Les COP ont été un catalyseur de l’action climatique en Europe. Lors de la négociation de l’accord de Paris, l’UE s’est accordée sur un objectif initial de réduction de 40 % de l’ensemble de ses émissions entre 1990 et 2030. En décembre 2020, cet objectif, déposé sur le registre des Nations Unies, a été porté à -55 %. Aurions-nous été aussi ambitieux sans l’existence des COP et la pression des pays moins avancés qui ne manquent pas de nous rappeler à nos responsabilités ?
La tarification des émissions de GES semble de plus en plus incontournable pour aboutir à la neutralité climat mais fait peur aux politiques. Comment la rendre redistributive et la transition écologique socialement équitable ?
Avec le système des quotas de CO2 qui plafonne les émissions de l’industrie lourde et de l’énergie, l’UE a mis en place en 2005 le plus grand système de tarification carbone au monde. Si vous regardez la courbe de ses émissions, vous verrez que 2005 marque un point de retournement depuis lequel les émissions ont baissé de plus d’un quart. Le passage à l’objectif de -55 % a fait remonter le prix du quota au-dessus de 80 € la tonne. La gestion des impacts redistributifs est le point le plus complexe. Il concerne le prix de l’électricité et du gaz réglé par les ménages, le passage aux enchères pour les quotas actuellement distribués gratuitement aux industriels, et bientôt, l’épineuse question du prix des carburants quand le système aura été élargi aux émissions diffuses.
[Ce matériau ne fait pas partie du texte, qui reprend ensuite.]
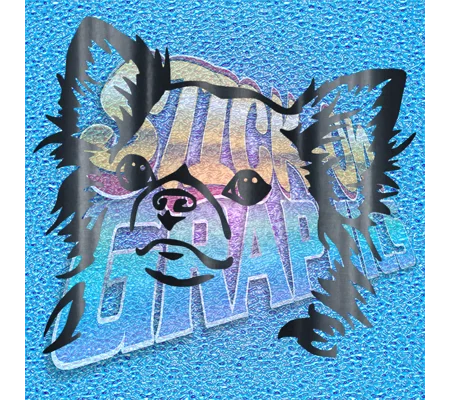 Chihuahua 005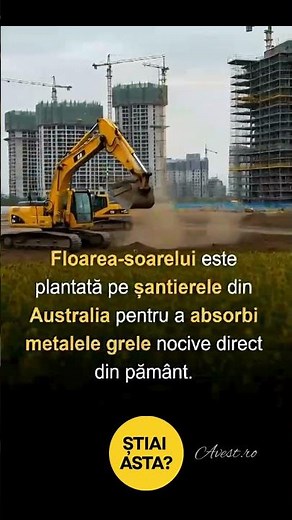 Floarea-soarelui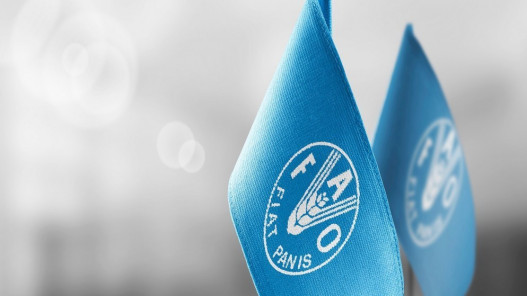  الفاو: أسعار الغذاء العالمية واصلت الارتفاع في آذار 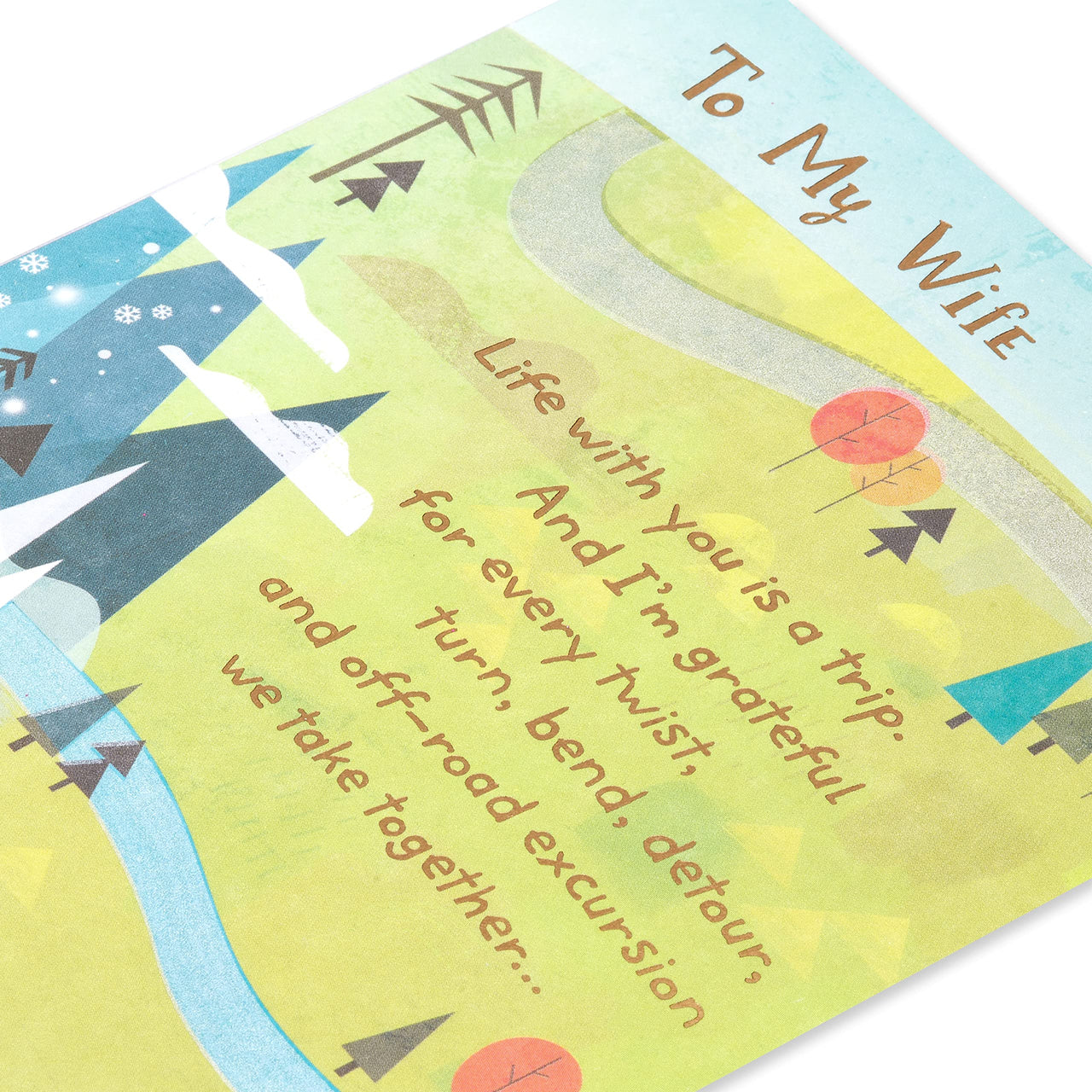 American Greetings Anniversary Card for Wife (Life is a Trip)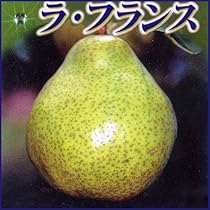 613TkwOe8nL._AC_UL210_SR210,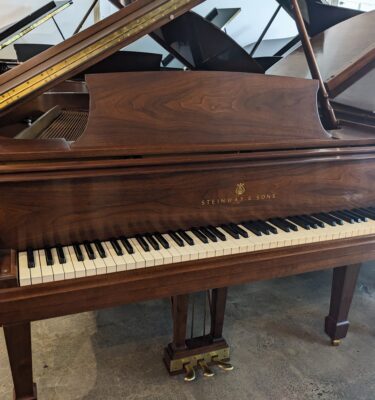 Steinway Model M Grand Piano in Walnut #435883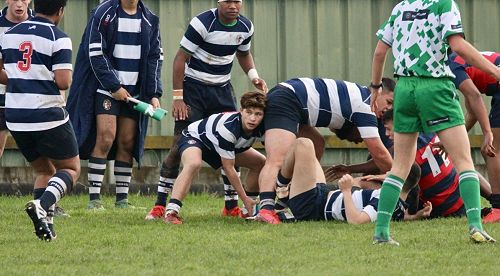 2nd XV v Hastings Boys' High School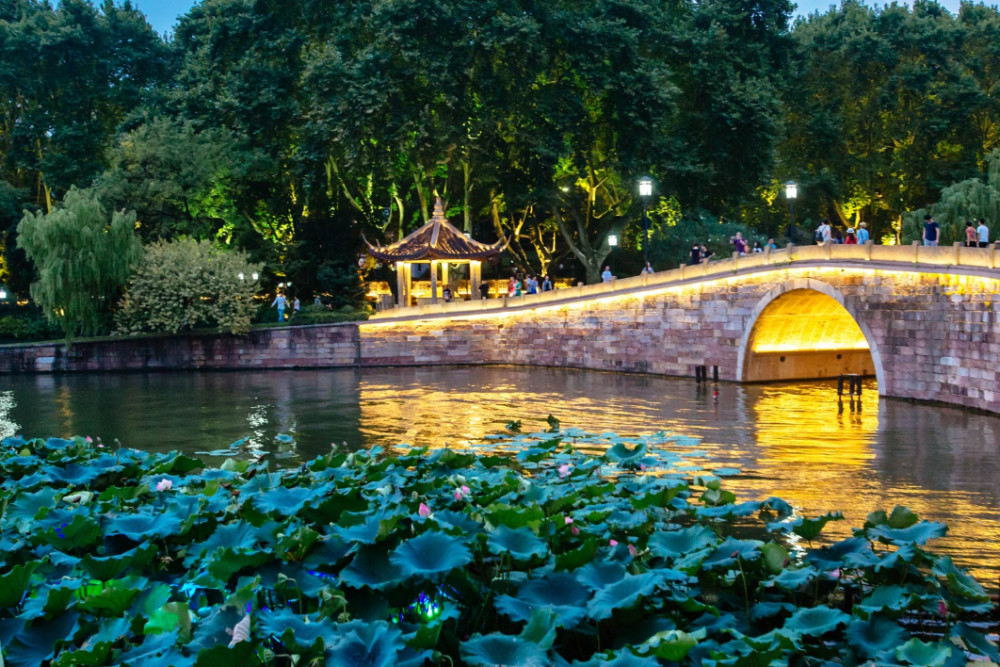 杭州罗薇最新探索之旅，自然美景的心灵之旅，寻找平和与喜悦的足迹
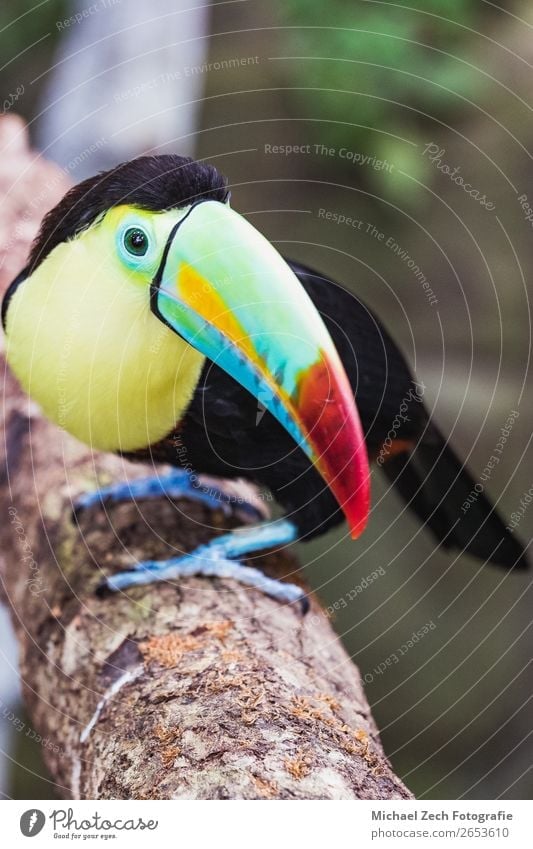 Nahaufnahme eines wunderschönen und farbenfrohen Kieles, der mit Tukan berechnet wurde. exotisch Leben Umwelt Natur Tier Urwald Vogel hell lang natürlich wild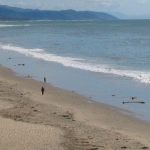 Summerland beach, California, 110 years after the oil field.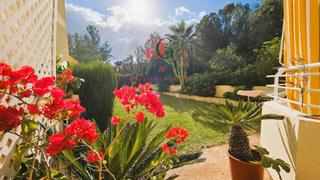 Apartament  Carrer bell puig. Apartamento en planta baja con gran jardn en cas catal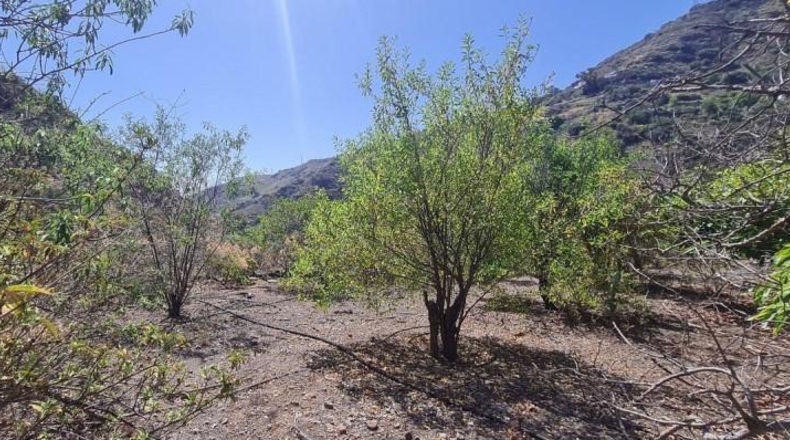 Las Palmas - Santa Brígida - 11429m2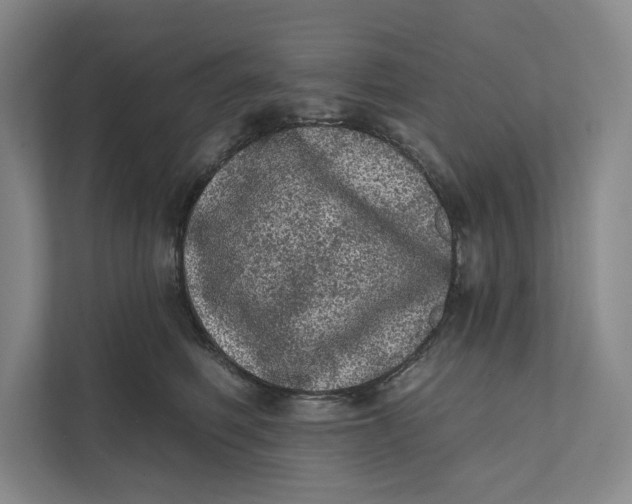 X0000111460614200908031341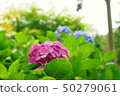 Hydrangea of Mitsui's temple, famous for its flower temple 50279061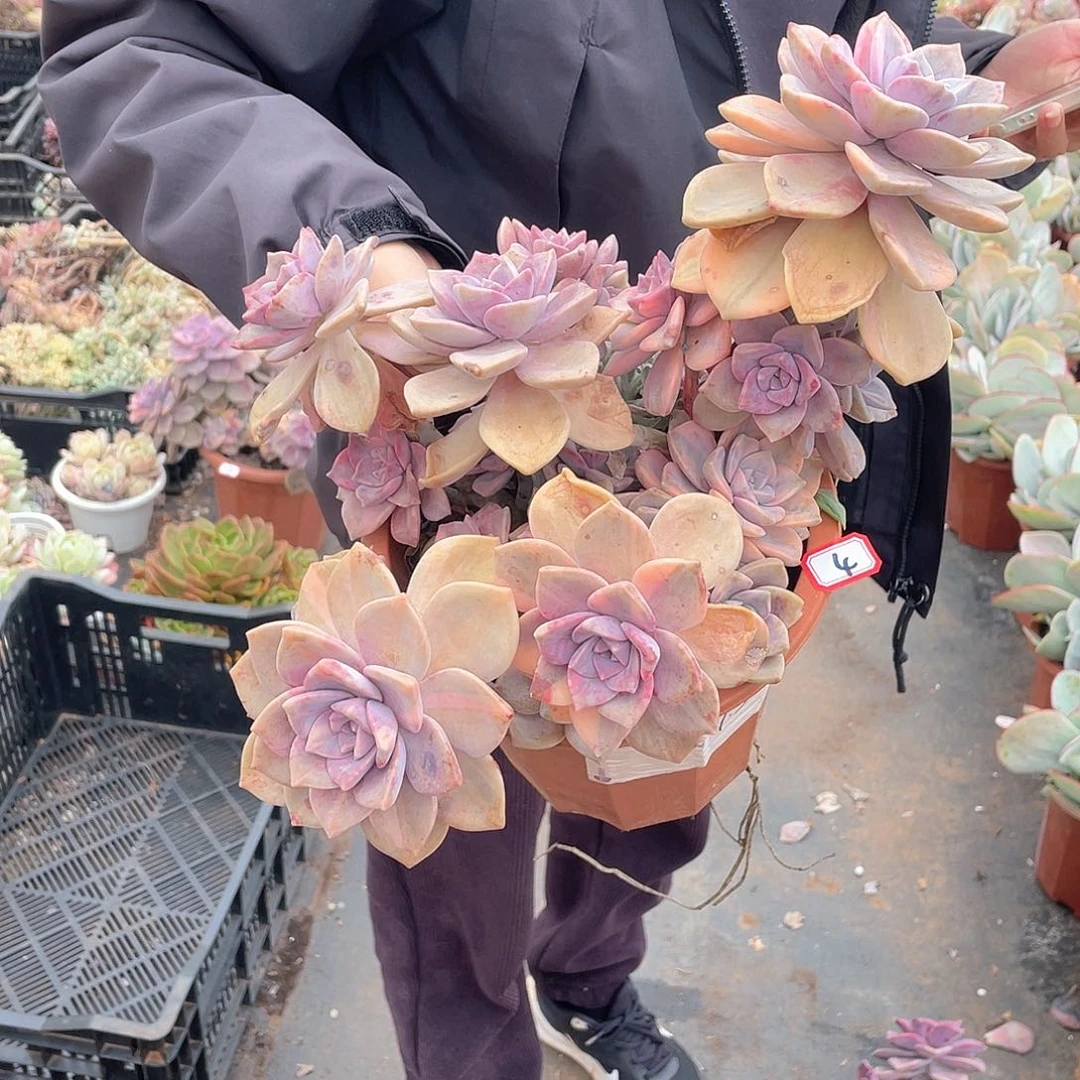 04紫乐锦 一物一拍多肉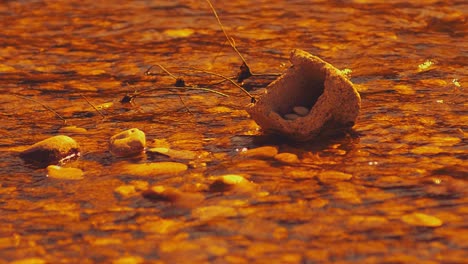 stones inside the river at sunrise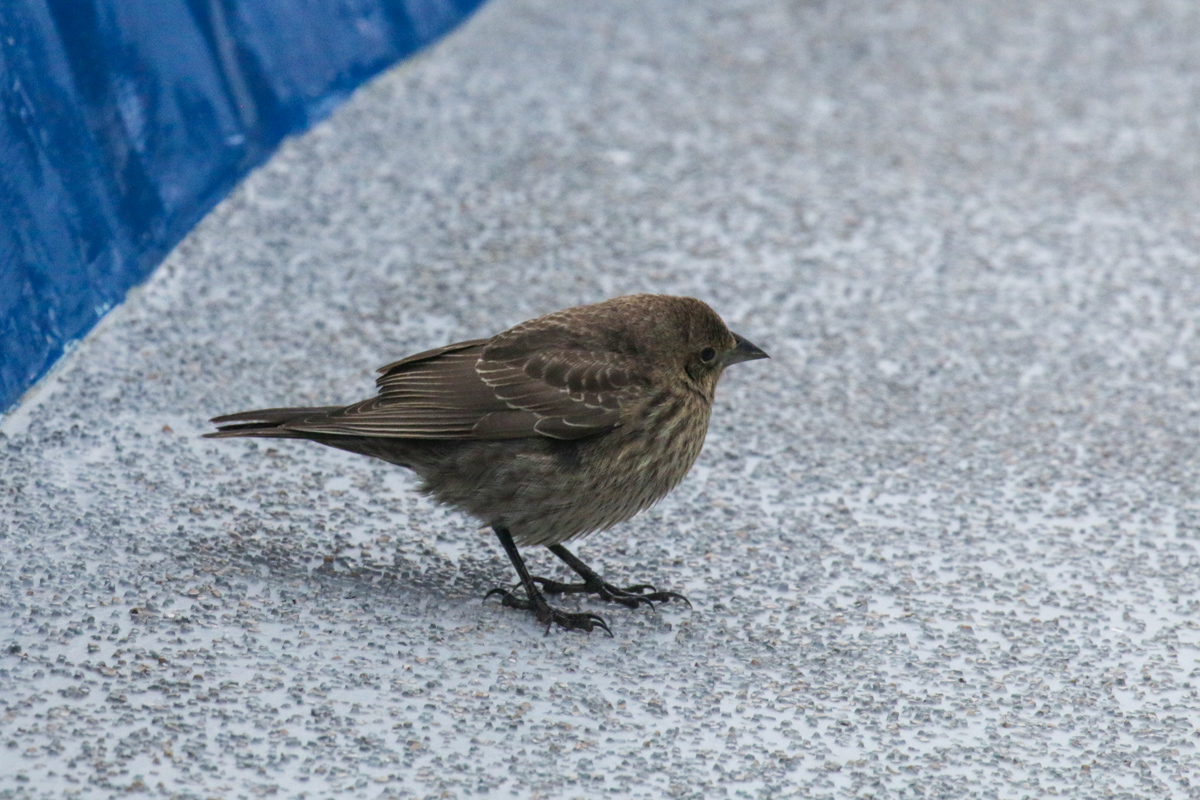 IMG_8648.jpg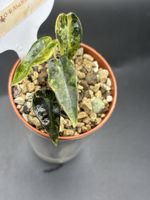 Alocasia Bambino Aurea Variegata (1-1)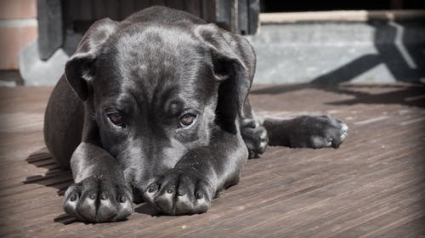 Illustration : Ce regard coupable que vous adresse votre chien venant de faire une bêtise n'en est pas un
Carbone fossile, carbone vivant, c’est le titre de votre dernier ouvrage (édition Gallimard). Le carbone vivant est-il un puits de carbone ou un émetteur de GES ? Une nouvelle économie très différente de l’économie du carbone fossile ?
La tarification carbone dont nous venons de parler fonctionne bien pour le carbone fossile car elle renchérit le coût d’usage de l’énergie fossile sans accroître la rente des producteurs. Elle ne fonctionne pas pour le carbone vivant. Réduire les émissions spécifiques de l’agriculture (méthane et protoxyde d’azote) et protéger les puits de carbone impliquent de réinvestir dans la diversité du vivant dans une logique de bioéconomie.
La prochaine révolution agricole sera celle de l’agroécologie qui consiste à s’écarter des schémas productivistes à base de spécialisation excessive des productions, de chimisation et de sélection d’un matériel vivant toujours plus homogène, pour adopter des méthodes qui prennent appui sur la diversité du vivant pour produire mieux et souvent de façon intensive à l’hectare. Car attention : la clef de la lutte contre la déforestation passe par une réorientation des systèmes agricoles dont l’extension est la première source de déforestation dans le monde. Si on bascule vers des systèmes agricoles extensifs, on aura besoin de plus d’hectares pour assurer la sécurité alimentaire ce qui accroîtra la pression sur les forêts.
Les puits de carbone continuent d’absorber du CO2, mais les signaux de leur affaiblissement se multiplient. L’impact anthropique de la déforestation tropicale est bien connu. Mais de dangereuses rétroactions climatiques apparaissent. En France, l’affaiblissement du puits de carbone forestier sur la dernière décennie est spectaculaire alors que les forêts continuent de s’étendre. Il est provoqué par les sécheresses à répétition, les tempêtes, les incendies et surtout la remontée des insectes et autres invasifs qui s’adaptent au réchauffement. Pour le puits de carbone océanique l’information manque cruellement. Dans les inventaires d’émission, on ne calcule pas les échanges de CO2 entre l’océan et l’atmosphère. Les océans sont un véritable angle mort des politiques climatiques.